So I am a huge cycling fan and I am pretty much glued to the tour de France coverage most mornings. I consequently, just returned from a two day consulting session with a large bank in a cycling crazy country called South Africa. During the days, I had parallel conversations about cloud adoption as well as cycling. Most of the questions around this cloud adoption sessions focused on security, risk and compliance and what is the optimal balance of enabling agility and the mitigation of risk.
It got me thinking; what does a optimal vs. sub-optimal risk management strategy look like? And then I watched Phillipe Gilbert, from the Quickstep team during stage 16 of the Tour de France provide a text book example of assuming too much risk while descending the Col de Portet Aspet:
We’ve all been very scared, but @PhilippeGilbert is ok and will go back on the bike. 💪
Après une grosse frayeur, @PhilippeGilbert semble aller bien et va repartir. 💪#TDF2018 pic.twitter.com/Xtrjyw3QSf— Le Tour de France (@LeTour) July 24, 2018
Gilbert was nearly 15 minutes up on the peleton with one other rider chasing. It was raining on and off on the route and Gilbert obviously prioritized increasing his lead over his safety. High risk lead to zero reward for Gilbert( he later abandoned the race with a broken patella).
How does this relate to an enterprise in the midst of their cloud journey? Well, if you as an organization, come in out of control in your cloud strategy, you can potentially crash or at worst, lose time on your competitors.

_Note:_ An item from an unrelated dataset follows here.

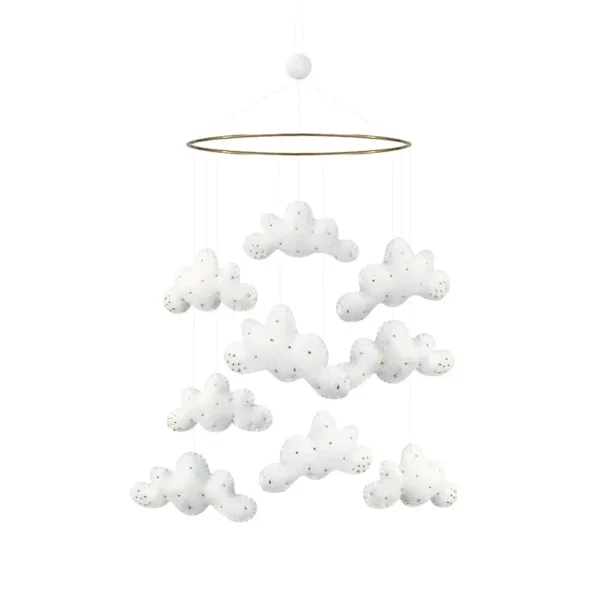 Mobile - Nuage blanc – Image 2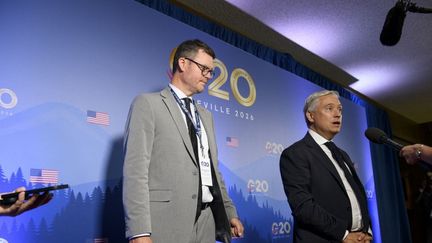 La présence de la Russie au G20 Finance a créé un « malaise », selon le Canada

Here are some areas where enterprises can misalign the ideas of acceptable risk:
- Exit strategy- most don’t have one and can’t accurately react if a provider becomes insolvent( not likely) or internal strategy changes
- Workload placement- moving a workload that requires considerable refactoring to a multi-tenant cloud and expecting great things
- Lack or a expense management strategy- there are several techniques to managed migration and on-going costs; use them!
- Not involving stakeholders & COE in decision making- cloud architects, despite being amazing, should not dictate the entire strategy.
At Gartner, we have some great research around cloud strategy and risk mitigation:
Three Best Practices to Prepare for Public Cloud IaaS Negotiations and Risk mitigation https://gtnr.it/2OdRFaa
Ensure Digital Business Resilience Through Better Risk Management Management Planning https://gtnr.it/2AaVs5a
A Public Cloud Risk Model:Accepting Cloud Risk is OK, Ignoring Cloud Risk is Tragic https://gtnr.it/2A9mSZr
The goal here is not to be the Lantern Rouge , but the Maillot Jaune for your organization!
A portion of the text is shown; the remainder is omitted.